DH/4890

LES OBJECTIFS DU MILLÉNAIRE POUR LE DÉVELOPPEMENT DOIVENT INTÉGRER LA PERSPECTIVE AUTOCHTONE

16 mai 2006
Conseil economique et socialDH/4890
Department of Public Information • News and Media Division • New York

Instance permanente des Nations Unies

sur les questions autochtones

3e et 4e séances – matin et après-midi


LES OBJECTIFS DU MILLÉNAIRE POUR LE DÉVELOPPEMENT DOIVENT INTÉGRER LA PERSPECTIVE AUTOCHTONE


L’Instance permanente des Nations Unies sur les questions autochtones a tenu aujourd’hui deux tables rondes associant les représentants des peuples autochtones et des organismes du système des Nations Unies.  Ces dialogues avaient pour thème la redéfinition des Objectifs du Millénaire pour le développement (OMD) à l’aune des besoins spécifiques des populations autochtones.  Conformément à son mandat, l’Instance fournit depuis 2002, date de sa création, l’occasion pour les peuples les plus vulnérables de la planète de faire part de leurs expériences, préoccupations et recommandations au système des Nations Unies.

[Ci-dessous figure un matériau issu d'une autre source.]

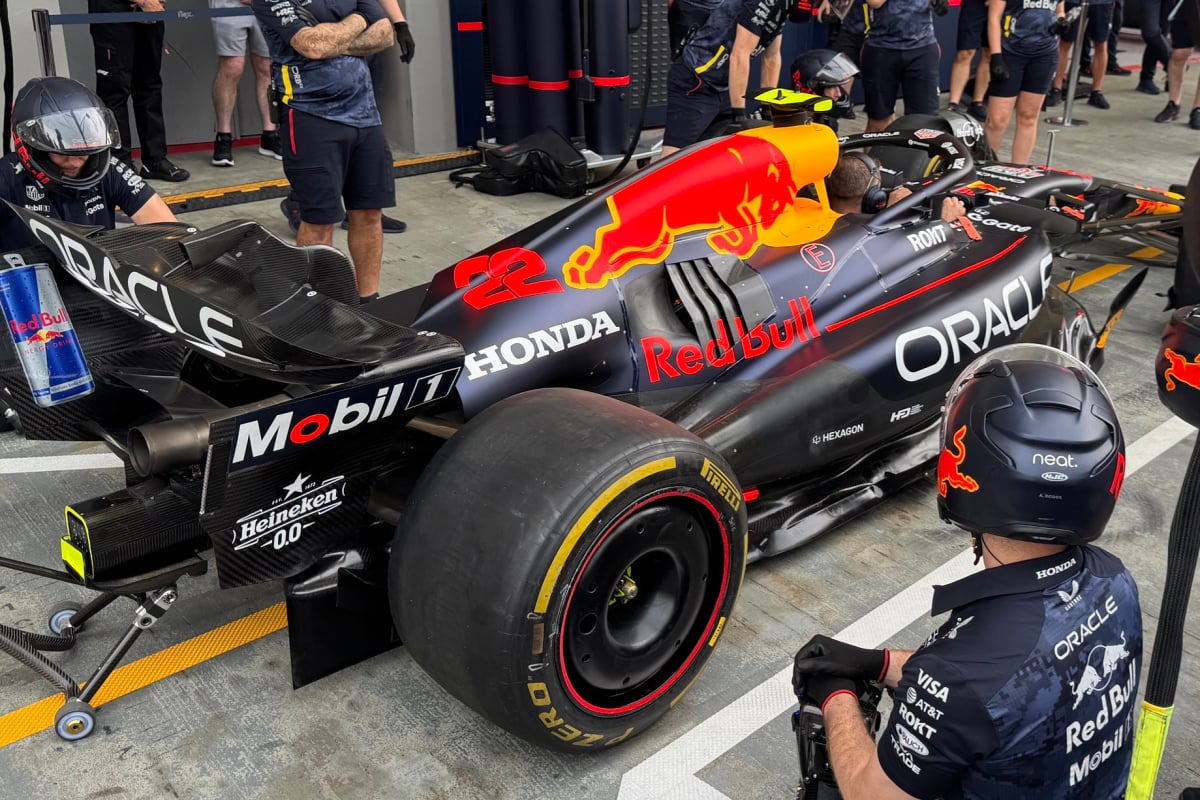 RB21, credit: X @Albert Fabrega
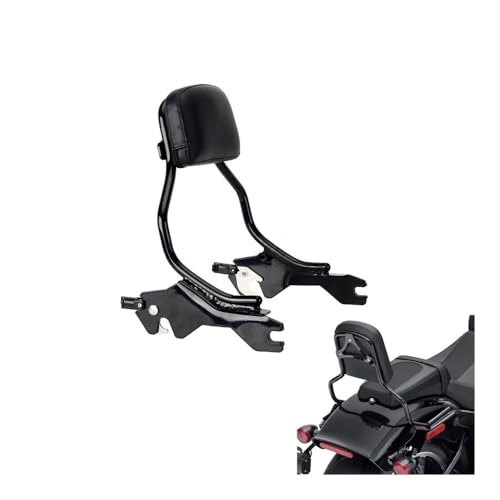 Coussin dossier passager de haute finition pour Softail FXFBS 114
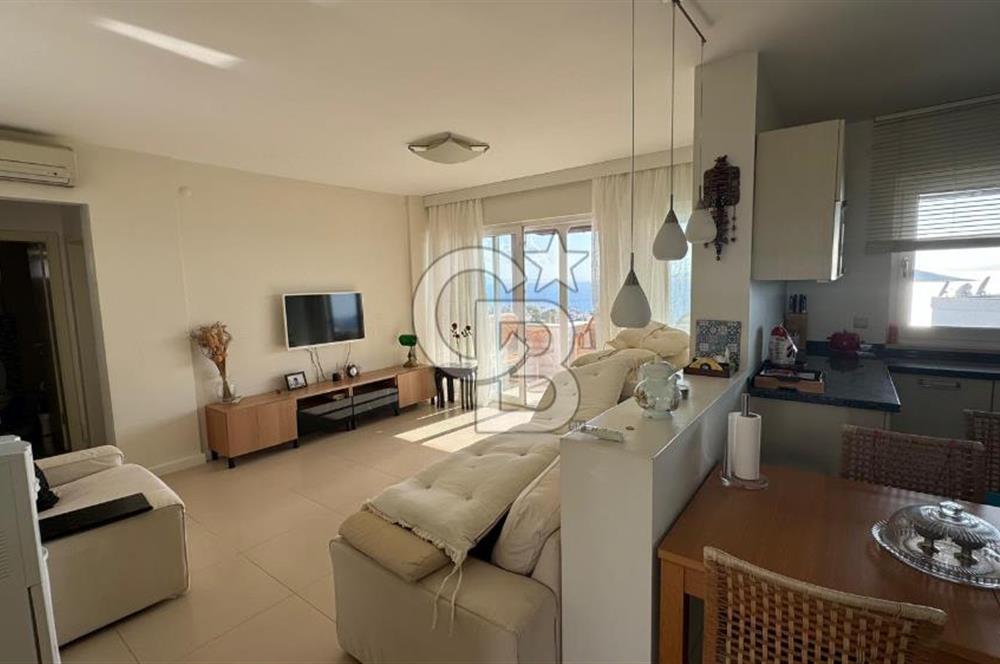 TURGUTREİS D-MARİN'e YAKIN DENİZ MANZARALI 4+1 KİRALIK DAİRe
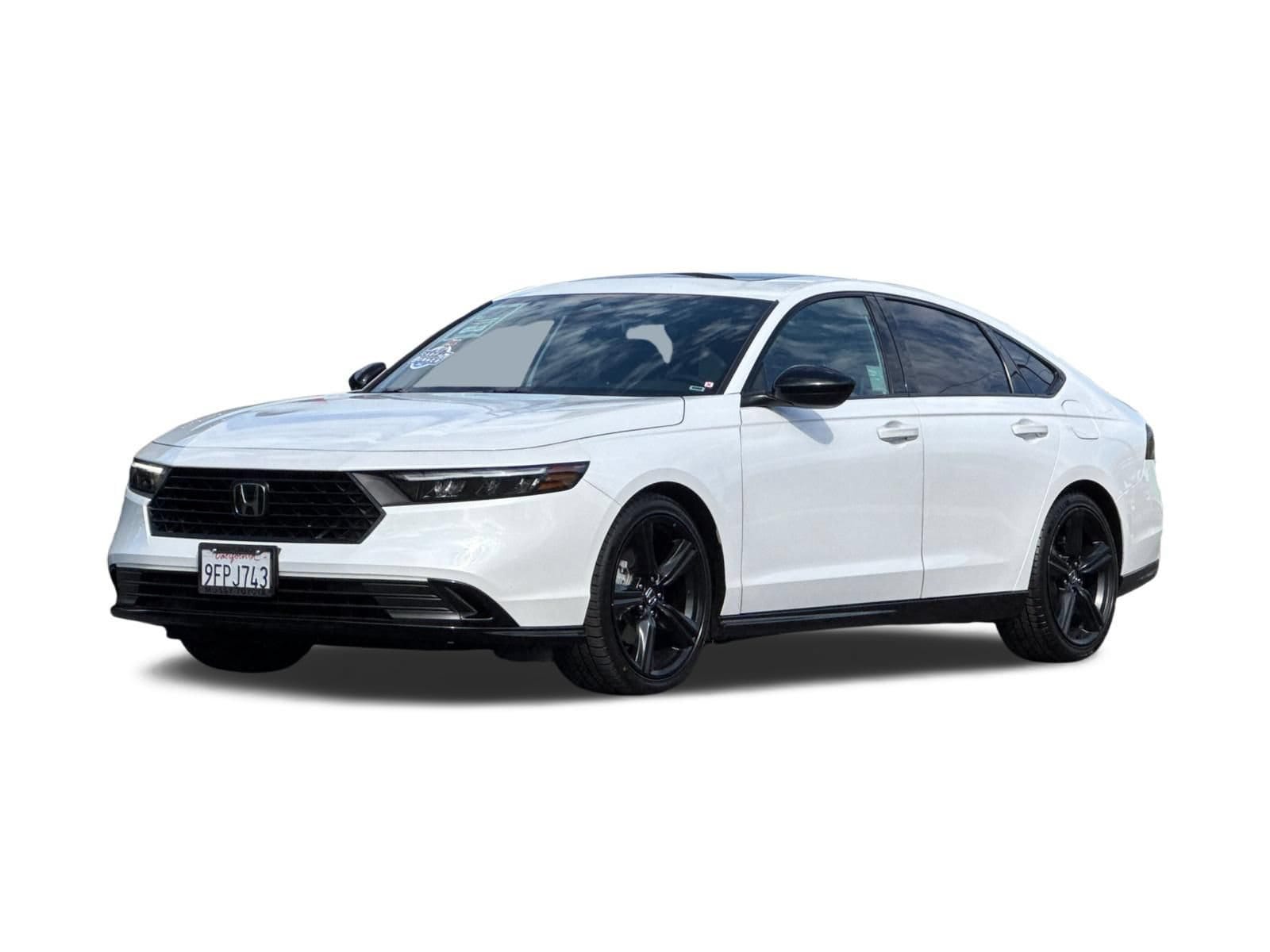 2023 Honda Accord Hybrid Sport-L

L’autodétermination et le contrôle sur les terres et les ressources naturelles ont été identifiés par les représentants des premières nations comme des conditions préalables à la réalisation des OMD.  Parmi ces objectifs figurent l’accès à l’éducation universelle et la réduction de moitié de l’extrême pauvreté d’ici à 2015.  Des appels unanimes ont été lancés pour que les États et différentes parties prenantes tiennent compte des perspectives autochtones dans les stratégies de développement.

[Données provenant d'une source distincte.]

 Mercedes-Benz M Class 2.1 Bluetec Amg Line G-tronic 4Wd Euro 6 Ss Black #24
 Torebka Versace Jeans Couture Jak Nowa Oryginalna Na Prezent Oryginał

«  Il est urgent de redéfinir les OMD afin d’y inclure les préoccupations des peuples autochtones et de mieux refléter leur définition de la pauvreté », a ainsi fait valoir la représentante du Caucus de la région nord-américaine. La définition de la pauvreté a fait l’objet de nombreuses déclarations, les intervenants reconnaissant qu’une telle notion n’était pas univoque du point de vue autochtone, l’argent n’en étant qu’une composante parmi d’autres.  Ils ont ainsi jugé crucial d’élaborer des indicateurs de qualité de vie adaptés aux peuples concernés.


La discussion qui s’est tenue l’après-midi a porté sur des thèmes que les participants ont souhaité lier entre eux.  Éducation et santé, démographie et environnement ont fait l’objet de nombreux commentaires. La redéfinition des OMD à travers le prisme autochtone en matière de soins et d’enseignement primaire passe par un accès des populations les plus jeunes aux services de base, a ainsi suggéré la représentante de l’UNICEF.  Les populations autochtones doivent aussi bénéficier de campagnes de sensibilisation spécifiques aux dangers du VIH/sida, a indiqué pour sa part la représentante de l’ONUSIDA. 


S’agissant des phénomènes migratoires, les intervenants ont insisté pour que les activités futures de l’Instance mettent l’accent sur l’évaluation de l’impact de l’urbanisation sur la structure des populations autochtones. « Il est important de comprendre que la migration autochtone conduit à la rupture des liens avec la communauté d’origine et à la perte dramatique des modes de vie traditionnels, ce qui fragilise les conditions du développement économique et social des autochtones », a noté le représentant de l’Organisation internationale pour les migrations (OIM).  La plupart des intervenants ont ainsi plaidé pour la mise sur pied de politiques migratoires valorisant le capital culturel des autochtones et tenant compte des risques d’acculturation. 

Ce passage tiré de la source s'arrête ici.